Overriding safety prompts without explanation opens the door for the plaintiff’s attorney to allege that the EP defendant failed to meet the standard of care. To reduce legal risks, EPs can:
- explain their clinical judgment;
- include an explanation in progress or consultation notes if the EMR lacks a field to provide decision-making notes;
- argue that safety prompts are not the standard of care, and are not mandatory.
Emergency physicians (EPs) routinely override safety prompts in clinical decision support systems for very good reasons. However, a skilled plaintiff attorney can depict it as a rogue physician’s negligence.

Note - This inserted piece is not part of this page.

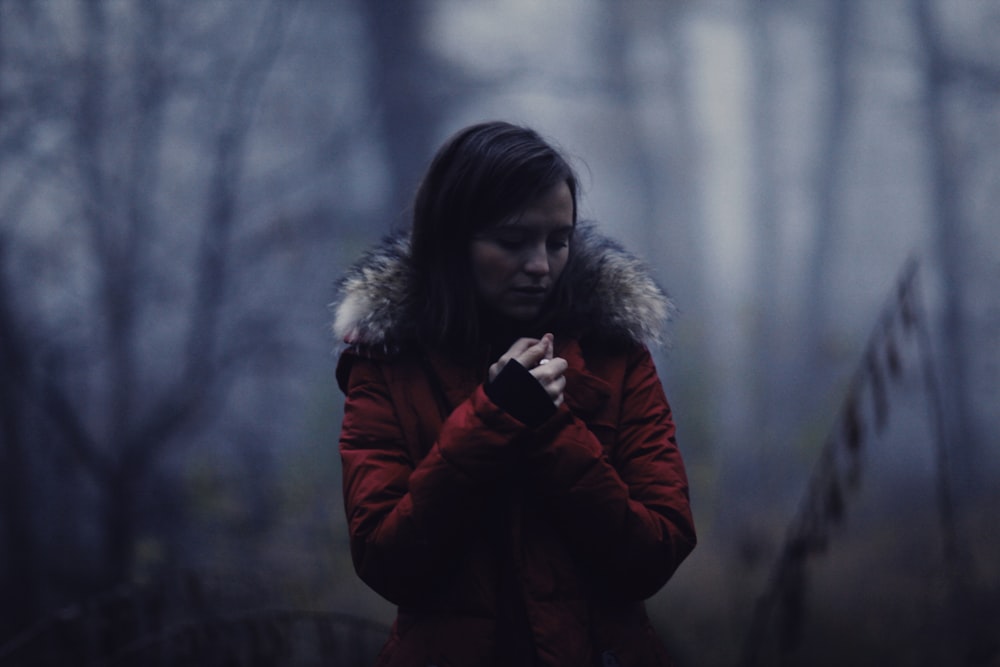 a woman in a red coat standing in a forest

“A liability exposure can be presented if there is no field in the electronic record for the physician to explain the reason he or she overrode the prompt,” says Kenneth N. Rashbaum, JD, a partner at New York City-based Barton.
If a complication occurs, such as an adverse drug reaction, failure of efficacy of the dosage, or other untoward event, the ED defense team has a problem. “How will the emergency physician be able to recall the basis for that decision when a lawsuit or investigation arises months or years later?” Rashbaum asks. “The difficulty this can pose for the defense can be stark.”
‘Easier Sell’ if Documented
Ideally, the electronic medical record contains a field to document the rationale for the override of a safety prompt. If so, the EP “should do so, with all pertinent information at his or her hands at the time the decision was made, and the clinical basis for the decision,” Rashbaum offers.
Documentation of the EP’s thought process is critical to the defense. However, not all electronic health records contain such fields. In this case, advises Rashbaum, “be sure to explain the reason for the override in another part of the record.” For example, the EP might include this documentation in progress or consultation notes.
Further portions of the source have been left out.